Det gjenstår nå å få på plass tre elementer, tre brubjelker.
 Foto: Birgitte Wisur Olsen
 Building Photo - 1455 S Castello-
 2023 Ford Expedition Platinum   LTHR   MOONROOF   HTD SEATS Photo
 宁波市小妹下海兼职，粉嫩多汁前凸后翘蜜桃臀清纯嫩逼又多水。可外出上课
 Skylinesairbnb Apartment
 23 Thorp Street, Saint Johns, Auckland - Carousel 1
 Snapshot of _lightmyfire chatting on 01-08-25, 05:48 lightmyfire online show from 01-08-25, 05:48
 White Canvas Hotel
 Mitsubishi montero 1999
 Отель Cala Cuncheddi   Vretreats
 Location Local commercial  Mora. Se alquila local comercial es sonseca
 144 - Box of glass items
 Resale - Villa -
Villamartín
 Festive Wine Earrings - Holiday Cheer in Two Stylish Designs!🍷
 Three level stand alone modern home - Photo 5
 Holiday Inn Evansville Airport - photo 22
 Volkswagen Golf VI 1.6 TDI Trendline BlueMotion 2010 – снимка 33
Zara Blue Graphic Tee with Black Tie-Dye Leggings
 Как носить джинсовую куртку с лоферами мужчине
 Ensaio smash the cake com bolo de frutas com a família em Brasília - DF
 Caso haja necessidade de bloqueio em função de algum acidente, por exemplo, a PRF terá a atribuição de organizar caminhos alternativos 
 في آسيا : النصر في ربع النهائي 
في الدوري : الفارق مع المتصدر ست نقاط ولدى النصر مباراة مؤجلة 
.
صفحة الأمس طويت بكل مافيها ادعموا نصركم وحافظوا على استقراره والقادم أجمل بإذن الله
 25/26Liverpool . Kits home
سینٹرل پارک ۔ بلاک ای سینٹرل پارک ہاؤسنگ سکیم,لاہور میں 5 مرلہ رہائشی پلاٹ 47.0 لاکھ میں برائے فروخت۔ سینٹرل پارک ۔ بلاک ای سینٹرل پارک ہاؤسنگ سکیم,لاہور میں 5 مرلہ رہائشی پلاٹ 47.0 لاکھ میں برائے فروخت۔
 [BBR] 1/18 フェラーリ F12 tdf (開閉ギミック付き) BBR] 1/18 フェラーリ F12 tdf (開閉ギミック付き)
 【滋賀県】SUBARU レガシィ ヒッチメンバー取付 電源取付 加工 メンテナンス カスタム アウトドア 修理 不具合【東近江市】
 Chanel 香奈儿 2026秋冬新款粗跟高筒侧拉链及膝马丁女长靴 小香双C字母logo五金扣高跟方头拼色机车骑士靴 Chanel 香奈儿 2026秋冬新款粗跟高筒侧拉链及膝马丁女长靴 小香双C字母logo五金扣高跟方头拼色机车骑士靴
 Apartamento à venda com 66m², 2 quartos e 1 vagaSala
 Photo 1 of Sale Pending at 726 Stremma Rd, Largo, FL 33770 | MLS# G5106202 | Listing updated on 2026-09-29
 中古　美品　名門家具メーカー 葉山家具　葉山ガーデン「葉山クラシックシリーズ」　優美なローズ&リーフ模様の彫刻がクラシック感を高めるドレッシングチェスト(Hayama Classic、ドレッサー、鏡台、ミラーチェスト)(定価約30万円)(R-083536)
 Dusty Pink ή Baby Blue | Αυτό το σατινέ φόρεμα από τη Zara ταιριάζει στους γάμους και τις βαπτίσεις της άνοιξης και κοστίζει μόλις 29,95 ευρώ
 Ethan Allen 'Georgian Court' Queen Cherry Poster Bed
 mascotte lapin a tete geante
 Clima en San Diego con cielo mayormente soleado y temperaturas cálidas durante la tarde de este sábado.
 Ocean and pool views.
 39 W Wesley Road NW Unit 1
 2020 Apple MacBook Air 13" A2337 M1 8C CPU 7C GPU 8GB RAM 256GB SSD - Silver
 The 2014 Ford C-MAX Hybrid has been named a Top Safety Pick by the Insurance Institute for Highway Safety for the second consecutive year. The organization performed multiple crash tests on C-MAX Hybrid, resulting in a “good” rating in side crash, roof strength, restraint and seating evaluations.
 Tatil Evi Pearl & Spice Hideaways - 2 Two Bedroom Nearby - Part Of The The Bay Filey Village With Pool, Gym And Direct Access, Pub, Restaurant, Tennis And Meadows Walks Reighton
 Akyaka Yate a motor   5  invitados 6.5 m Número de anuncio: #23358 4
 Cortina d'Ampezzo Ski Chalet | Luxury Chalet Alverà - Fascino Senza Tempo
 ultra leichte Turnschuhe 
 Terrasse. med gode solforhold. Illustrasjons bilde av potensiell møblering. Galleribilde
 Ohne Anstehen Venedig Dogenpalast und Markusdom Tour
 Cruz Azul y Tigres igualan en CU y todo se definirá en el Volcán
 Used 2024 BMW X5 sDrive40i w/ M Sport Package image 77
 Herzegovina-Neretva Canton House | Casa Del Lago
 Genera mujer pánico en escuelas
----
*TASK OBJECTIVE*: Only one part of the material above is to be transcribed, namely the lines starting with the line that has "في الدوري : الفارق" and going on through the line that has "برائے فروخت۔ سینٹرل", exactly as they stand.

*EXPECTED ANSWER*:
في الدوري : الفارق مع المتصدر ست نقاط ولدى النصر مباراة مؤجلة 
.
صفحة الأمس طويت بكل مافيها ادعموا نصركم وحافظوا على استقراره والقادم أجمل بإذن الله
 25/26Liverpool . Kits home
سینٹرل پارک ۔ بلاک ای سینٹرل پارک ہاؤسنگ سکیم,لاہور میں 5 مرلہ رہائشی پلاٹ 47.0 لاکھ میں برائے فروخت۔ سینٹرل پارک ۔ بلاک ای سینٹرل پارک ہاؤسنگ سکیم,لاہور میں 5 مرلہ رہائشی پلاٹ 47.0 لاکھ میں برائے فروخت۔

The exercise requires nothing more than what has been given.